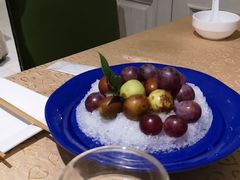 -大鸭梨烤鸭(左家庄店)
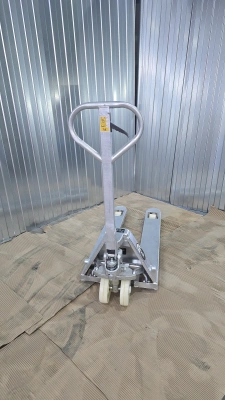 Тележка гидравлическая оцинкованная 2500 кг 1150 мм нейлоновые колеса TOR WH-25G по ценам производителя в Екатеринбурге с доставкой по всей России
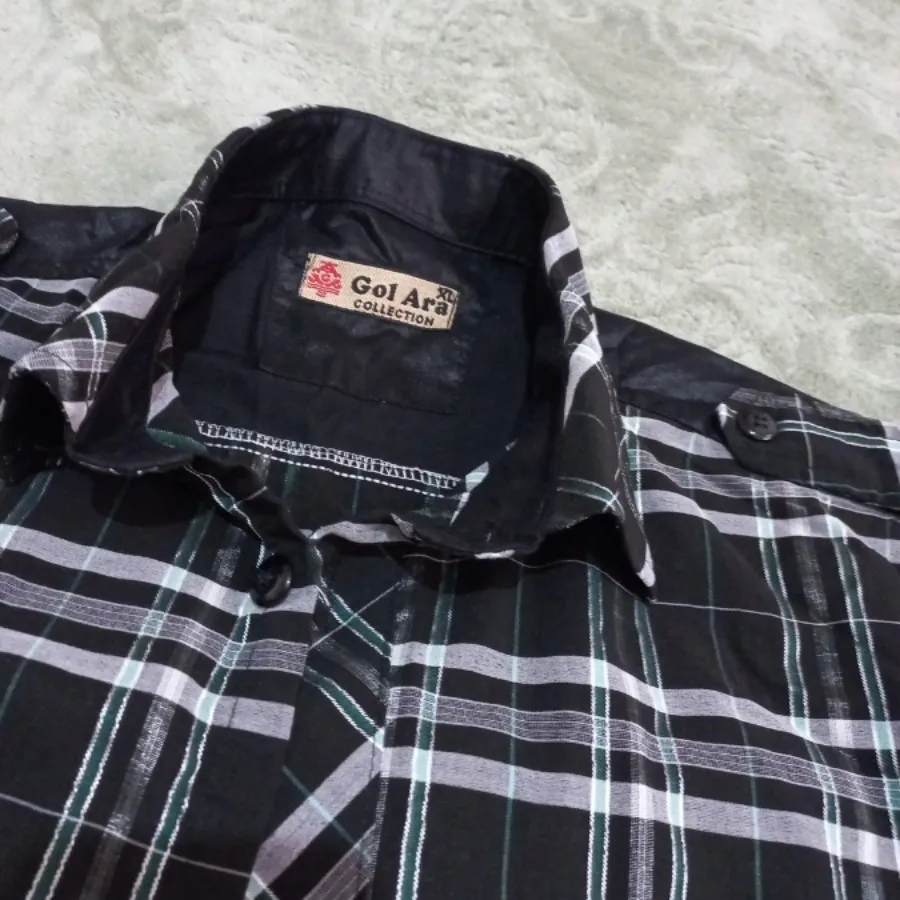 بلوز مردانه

* * *

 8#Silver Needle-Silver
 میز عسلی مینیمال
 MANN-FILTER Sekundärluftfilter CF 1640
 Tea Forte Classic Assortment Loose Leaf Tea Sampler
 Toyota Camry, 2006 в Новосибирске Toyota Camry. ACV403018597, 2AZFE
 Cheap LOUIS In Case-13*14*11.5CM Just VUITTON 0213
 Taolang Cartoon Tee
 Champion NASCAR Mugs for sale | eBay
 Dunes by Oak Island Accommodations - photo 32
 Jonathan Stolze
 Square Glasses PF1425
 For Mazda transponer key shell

- [Task objective]:
Where the line holding "Jonathan Stolze" appears in the listing above, start reproducing exactly, and end with the line holding "For Mazda transponer key shell".

- [Solved problem]:
 Jonathan Stolze
 Square Glasses PF1425
 For Mazda transponer key shell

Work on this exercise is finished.